Копна объяснять не стал. Каждый разговор с Сухиновым он обрывал внезапно, и уж если замолкал, то расшевелить его было невозможно. Он замолкал прочно, как дверь досками заколачивал. Мог молчать по дню, по два, по три. Ни на какие слова не откликался, а если ему что нужно было, объяснялся знаками. Взор его становился бессмысленным и пустым, точно глазницы поворачивались вовнутрь, Что-то у него там внутри было больное, неизбывное. Но наступала минута, и Аксентий снова становился доступен общению и приветлив. К замыслам Суханова о побеге отнесся одобрительно. Он считал, что бежать можно отовсюду, были бы надежные товарищи.
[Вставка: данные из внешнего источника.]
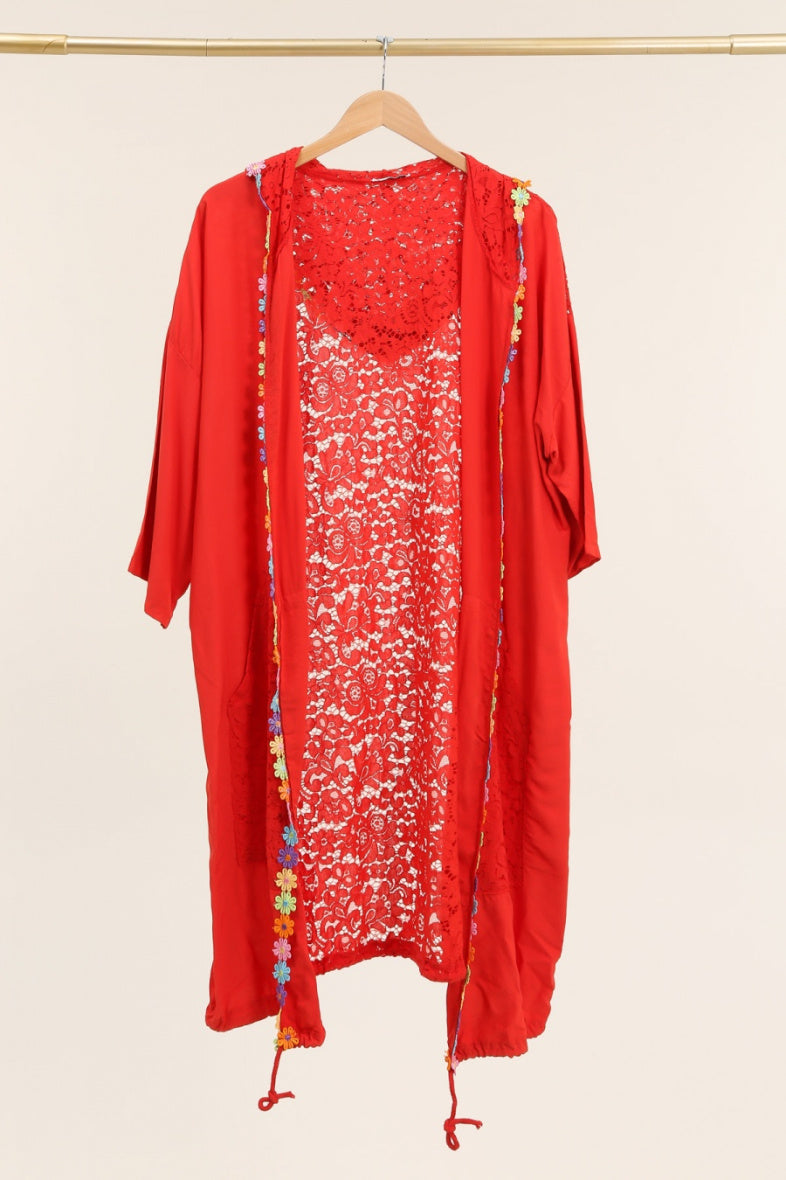 Plus Size Lång Cardigan med Broderade Blommor och Spets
— Подумаешь — тыщи верст глухомани! Пускай этим мальцов пугают. Нашему брату не привыкать по лесным тропам красться. Погоди, Ваня, если к одному месту приткнут, вместе и уйдем. Мне на каторге долго задерживаться не с руки. Подберем еще парочку мужиков, кого покрепче, да хоть одного надо, чтобы дорогу знал, — и айда.
— А были такие случаи, чтобы удачно убегали?
— Сплошь и рядом. Больно охота заживо гнить.
— Сам-то ты видел кого-нибудь, кто оттуда ушел?
Аксентий поморщился, ему не нравилось, когда мечту разрушали требованием подробностей.